Last week was kernel summit in Prague. Based on feedback from Linus and other people, kernel summit was a 2 day open technical forum along with a half-day “maintainer summit”. Open Source Summit Europe was also happening at the same time and I attended somethings there as well.

Darren Hart gave a talk about x86 platform drivers. Darren is the current maintainer of the x86 platform drivers. He gave a nice overview of what a platform driver actually is (a bunch of glue) and some history about how big or small drivers can be. One of the sticking points about drivers in general is that most hardware vendors only really focus on Windows and the driver philosophy there is different from Linux. This results in Linux needing to play catch-up and work around firmware that was only tested on Windows (see also the example of vendor “To be filled by O.E.M.”). Hardware vendors can make this easier by using standard interfaces and also open sourcing firmware, something the Fedora community cares deeply about.

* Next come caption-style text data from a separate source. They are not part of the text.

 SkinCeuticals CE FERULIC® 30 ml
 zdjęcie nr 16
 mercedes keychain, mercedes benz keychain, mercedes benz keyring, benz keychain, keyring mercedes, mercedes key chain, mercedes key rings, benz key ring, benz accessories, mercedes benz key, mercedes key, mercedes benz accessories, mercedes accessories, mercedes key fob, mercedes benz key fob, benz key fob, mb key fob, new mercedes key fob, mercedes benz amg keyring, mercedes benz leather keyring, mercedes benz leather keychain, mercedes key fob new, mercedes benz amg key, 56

Laurent Pinchart ran a session called “Bash the Kernel Maintainers”. This was designed to be a feedback session for attendees to express opinions about the kernel process. Most of the feedback was things I’ve heard before (and even expressed myself). Submitting patches as a new user is still intimidating. There was some discussion about making it easier for users to access the zeroday bot without having to submit something publicly. The topic of bots reminded me of some of the themes I heard when I was at maintainerati. The complete lack of consistency among maintainers was a big theme. There is no one rule about where to send a patch or when to ping a maintainer for a review or even how to get status about a patch. This is still one of my pet peeves as a full time kernel developer. Laurent took great notes and gave a readout at the kernel maintainer’s summit.

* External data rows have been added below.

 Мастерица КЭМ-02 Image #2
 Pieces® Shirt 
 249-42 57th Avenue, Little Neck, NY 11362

For the first day of kernel summit, Steven Rostedt and Mathieu Desnoyers talked about the tracing ABI. The kernel has a (reasonably) consistent rule that userspace is an ABI and you do not break userspace. This makes sense for things like traditionally compiled userspace programs and syscalls. The tracing infrastructure in tree has grown over the years which has made debugging much easier. If that tracing infrastructure gets exposed to userspace though, it might end up looking like an ABI, which means that if tracepoints get changed or removed tools that depend on it might break. The presenters argued that even if it is an ABI, tools developers were perfectly willing to recompile on each kernel version to match. Linus disagreed. LWN did a much more complete writeup of the topic.

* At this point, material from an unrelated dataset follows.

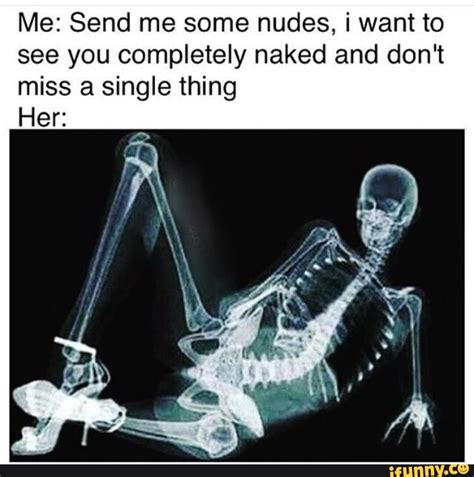 Imgur In 2020 Naughty Humor Bones Funny The Funny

Peter Robinson and Jim Perrin ran a BOF on the state of ARM on Fedora. This was mostly a brief status update (Fedora rocks) with time to ask questions. People were mostly interested in device support so there was some discussion and explanation about what is required to support these things in Fedora (reasonable mainline graphics support). Great session.

The kernel Outreachy interns each gave presentations on what they worked on. There were six different projects across the kernel, from documentation to IIO. I always enjoy hearing Outreachy interns talk about what they accomplished. For many of them, this was their first contribution to open source or even kernel programming. Outreachy is a fantastic program and it shows what can be accomplished with a supportive mentor.

Thorsten Leemhuis gave a presentation on kernel regression tracking. There had not been anyone keeping track of regressions in the kernel for years until Thorsten picked up the task earlier this year. It’s a very valuable but thankless job. Thorsten talked about some of the difficulties including getting people to actually send him regressions and how to keep track of what he did find. There was talk of creating a regressions@ mailing list which should hopefully make reporting easier. The topic of bugzilla came up once again and it sounded like there was agreement to improve the landing page to make bug reporting more easier. As a Fedora maintainer, regressions are near and dear to my heart so I plan on keeping an eye on this.

Konstantin Ryabitsev, a sysadmin for kernel.org, gave a presentation on security hygiene. The intended audience was kernel developers but everything applies to developers in general. PGP is still the most widely used mechanism out there and the kernel community relies on it for trust. Linus signs all releases as does Greg KH for the stable releases. There was some discussion about the trust in git pull requests and how much signing should actually be happening. Konstantin is a big promoter of hardware tokens for storing your subkeys. I have a yubikey but haven’t made much use of it (and apparently need to update my keys thanks to the latest flaw). I really enjoyed this talk mostly because the security suggestions were very practical, even if they did acknowledge that some problems like video conferencing were still insecure. I’ll be reimaging my laptop soon so I’ll hopefully be able to implement some of the suggestions.

The maintainer’s summit was a half-day even closer to what the kernel summit used to be. This was the first time the new format was used and overall it went well. There were only about 30 of us which made discussions much easier, especially on topics like regression tracking and maintainer bashing. All the discussion felt productive and I think we made useful progress. I expect LWN to have a more complete writeup in the near future.

Once again, a great conference in a great city. I love Prague.